Aim of the task: All entries are to be copied verbatim, while the pictures stay out.

Input material:
++++++++
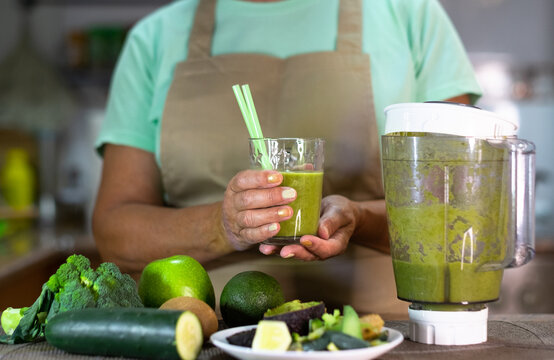 Mature Senior Woman Drinking Healthy Green Smoothie Holding A Glass With Straws. Smiling Caucasian Lady In Home Kitchen Drinking Detox Juice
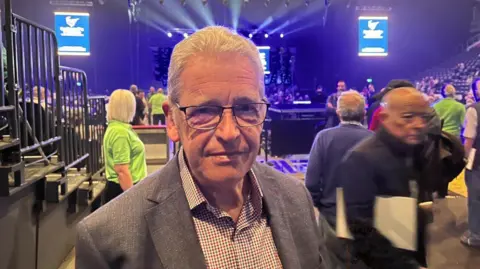 grey haired man with glasses in shirt and jacket 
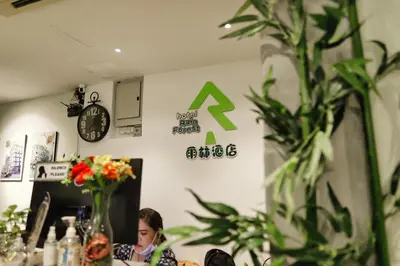 a girl sitting at a table in a room with plants at Rain Forest Hotel in Kuala Lumpur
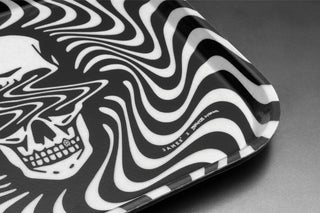The Bryce Wong artist series cambro tray on a steel surface.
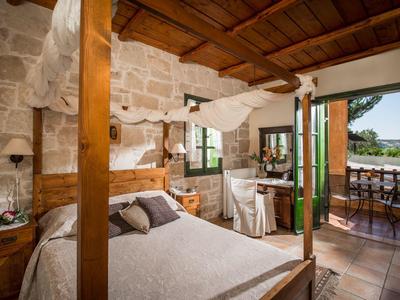 Rustikales Schlafzimmer mit Holzbalken, Steinwand und Blick auf die Terrasse und das Meer.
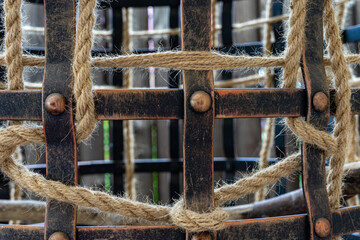 The iron cage is decorated with a rope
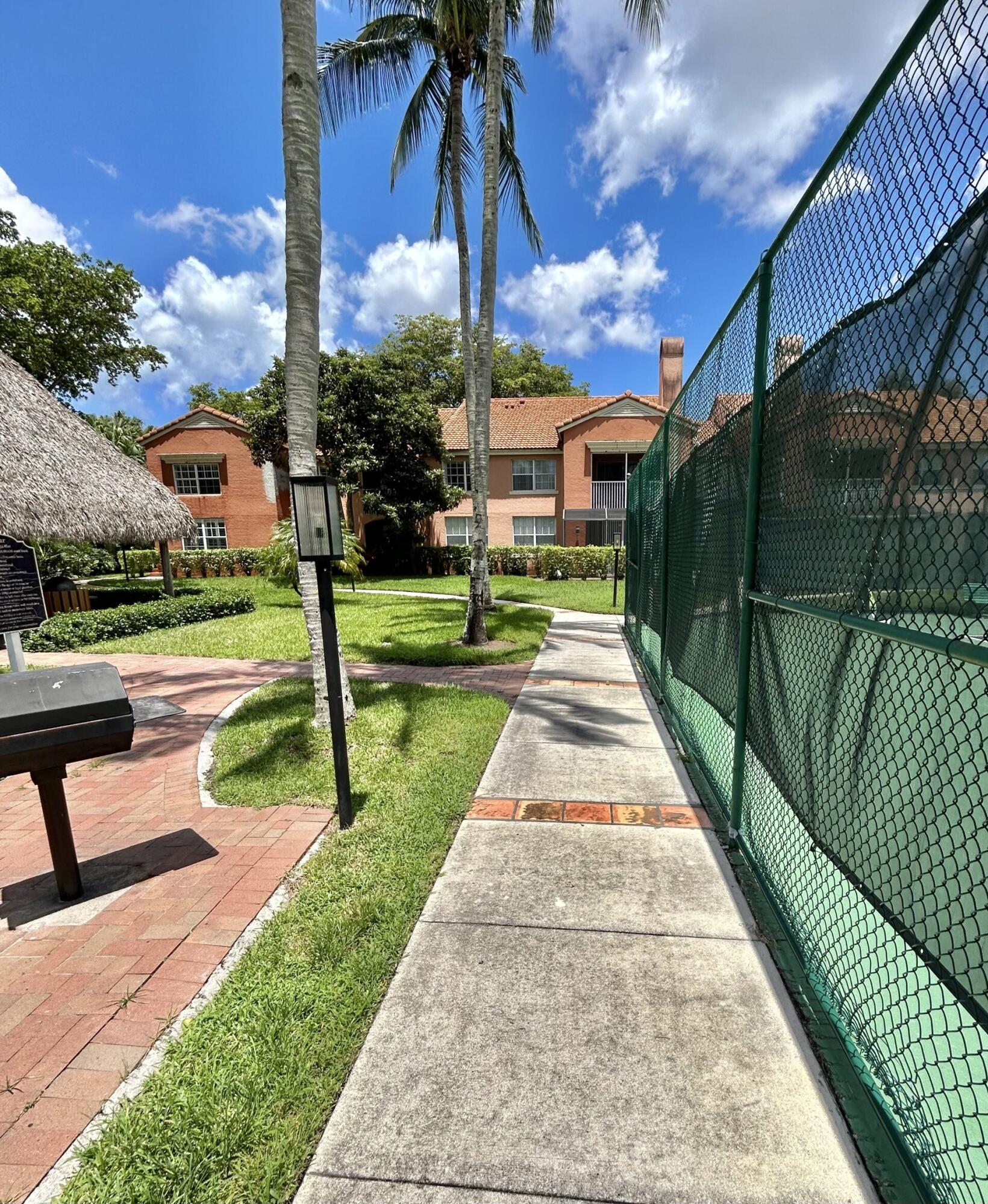 3111 Clint Moore Road, Unit 106 Boca Raton, FL 33496 - Photo 9 of 12 a park with lots of swings and slides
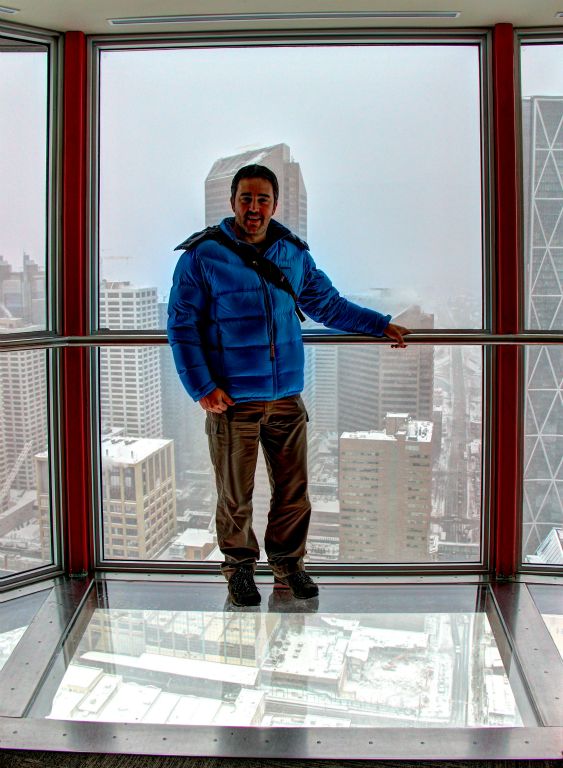 Me on the glass floor on the observation deck of the Calgary Tower (and holding on tightly to the rail, just in case).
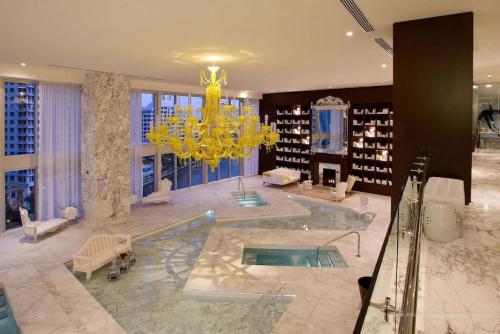 a large living room with a chandelier and a pool at Beautiful One Bedroom Condo 16ft ceilings at the W in Miami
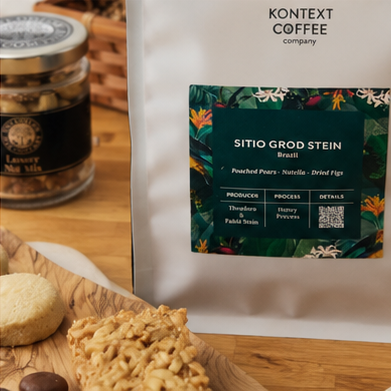 Kontext Coffee package with a label on a wooden surface with snacks.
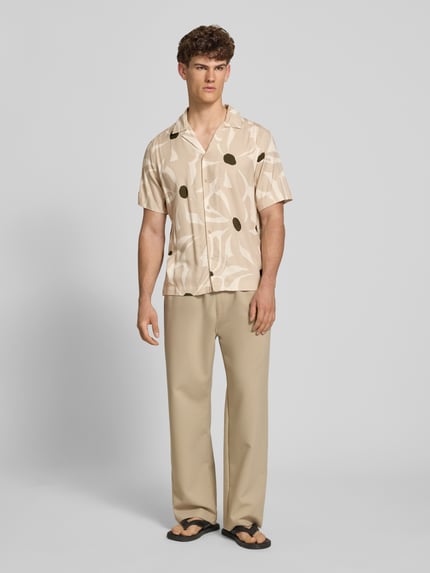 Männermodel trägt Regular Fit Freizeithemd aus reiner Viskose Modell 'DASH' von Only & Sons mit Florales-Allover-Muster in Beige, Hemdkragen, durchgehende Knopfleiste, Rückenpasse, Kurzarm, Materialverarbeitung: Twill, Ganzkörperansicht von vorne.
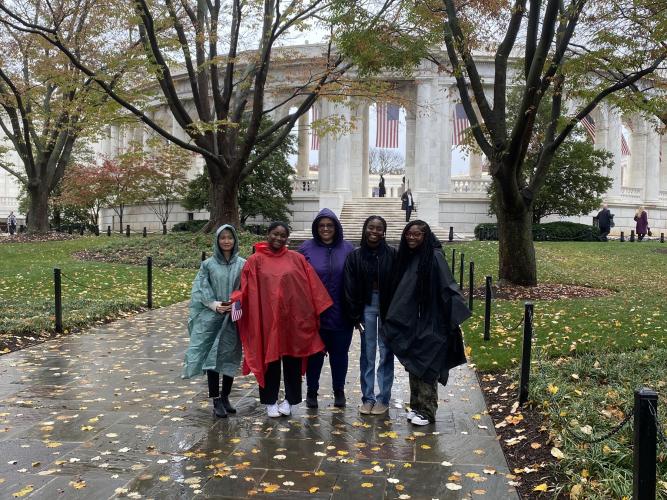 Trinh Nguyen, Kymiya Byars, Lisa Flowers-Clements, Christine Blay, and Aryn Monroe are shown at Arlington National Cemetery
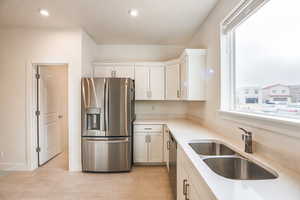 Kitchen featuring appliances with stainless steel finishes, sink, white cabinetry, and light wood-type flooring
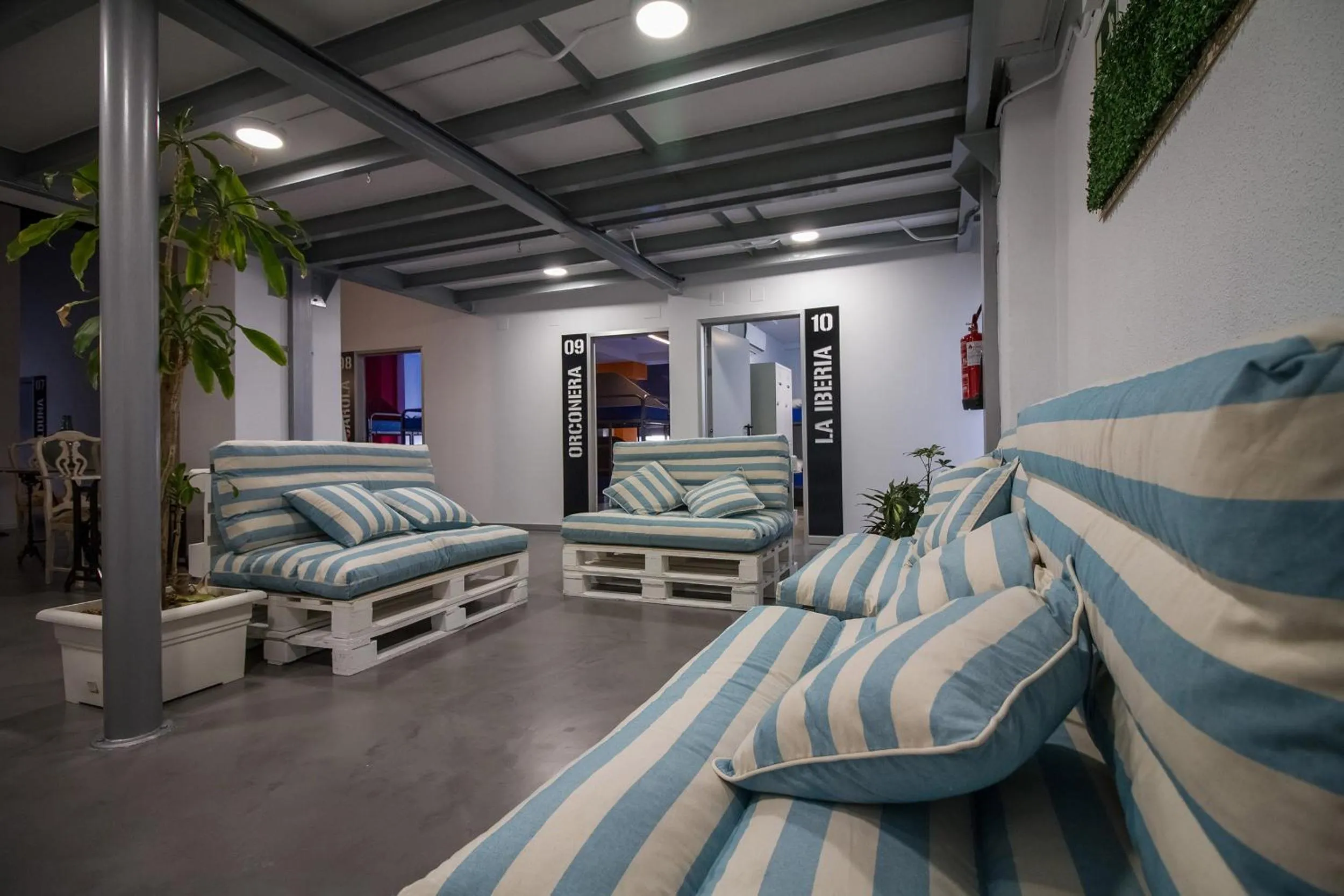 Communal lounge/ TV room in All Iron Hostel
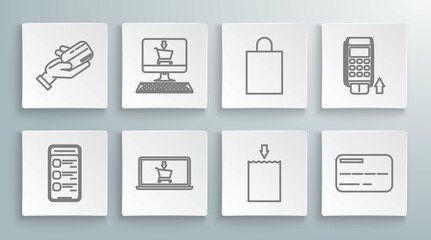 Set line Online shopping on mobile phone, Shopping cart screen computer, laptop, Paper bag, Credit card, Pos terminal with inserted credit and Human hand holding icon. Vector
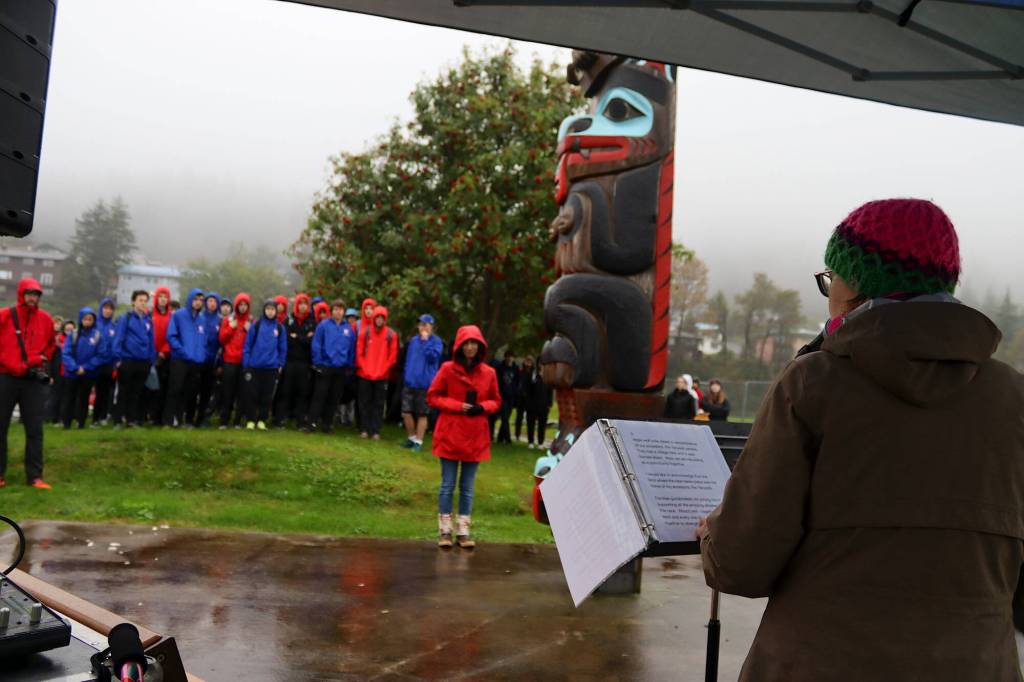 Kitty Eddy, a retired longtime Tlingit language educator, offers the land acknowledgement before the Capital City Invite at Savikko Park on Saturday morning. (Mark Sabbatini / Juneau Empire)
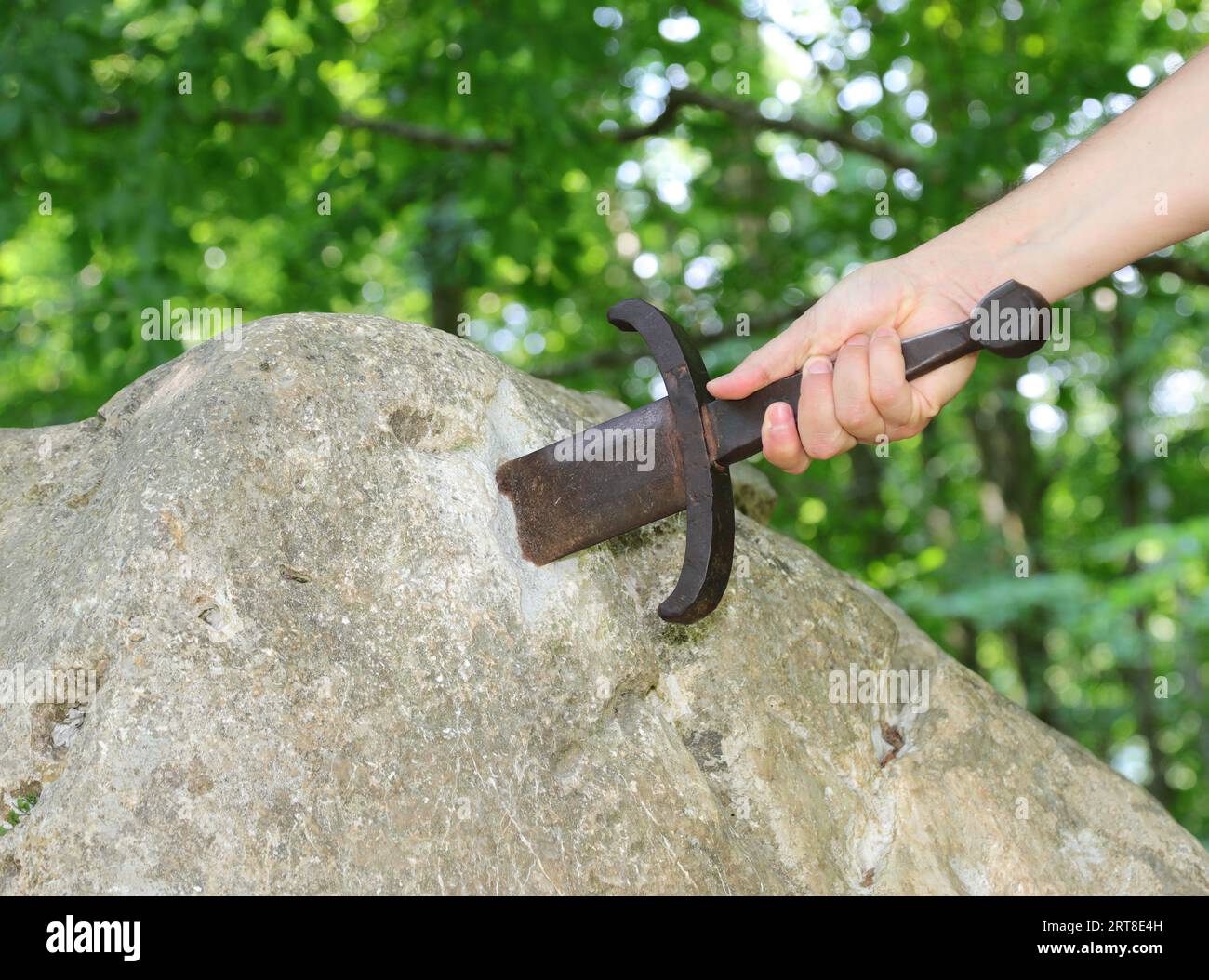 hand of the knight trying to extract the magic sword Stock Photo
++++++++
Finished task:
 Mature Senior Woman Drinking Healthy Green Smoothie Holding A Glass With Straws. Smiling Caucasian Lady In Home Kitchen Drinking Detox Juice
 grey haired man with glasses in shirt and jacket 
 a girl sitting at a table in a room with plants at Rain Forest Hotel in Kuala Lumpur
The Bryce Wong artist series cambro tray on a steel surface.
 Rustikales Schlafzimmer mit Holzbalken, Steinwand und Blick auf die Terrasse und das Meer.
 The iron cage is decorated with a rope
 3111 Clint Moore Road, Unit 106 Boca Raton, FL 33496 - Photo 9 of 12 a park with lots of swings and slides
 Me on the glass floor on the observation deck of the Calgary Tower (and holding on tightly to the rail, just in case).
 a large living room with a chandelier and a pool at Beautiful One Bedroom Condo 16ft ceilings at the W in Miami
 Kontext Coffee package with a label on a wooden surface with snacks.
 Männermodel trägt Regular Fit Freizeithemd aus reiner Viskose Modell 'DASH' von Only & Sons mit Florales-Allover-Muster in Beige, Hemdkragen, durchgehende Knopfleiste, Rückenpasse, Kurzarm, Materialverarbeitung: Twill, Ganzkörperansicht von vorne.
 Trinh Nguyen, Kymiya Byars, Lisa Flowers-Clements, Christine Blay, and Aryn Monroe are shown at Arlington National Cemetery
 Kitchen featuring appliances with stainless steel finishes, sink, white cabinetry, and light wood-type flooring
 Communal lounge/ TV room in All Iron Hostel
 Set line Online shopping on mobile phone, Shopping cart screen computer, laptop, Paper bag, Credit card, Pos terminal with inserted credit and Human hand holding icon. Vector
 Kitty Eddy, a retired longtime Tlingit language educator, offers the land acknowledgement before the Capital City Invite at Savikko Park on Saturday morning. (Mark Sabbatini / Juneau Empire)
 hand of the knight trying to extract the magic sword Stock Photo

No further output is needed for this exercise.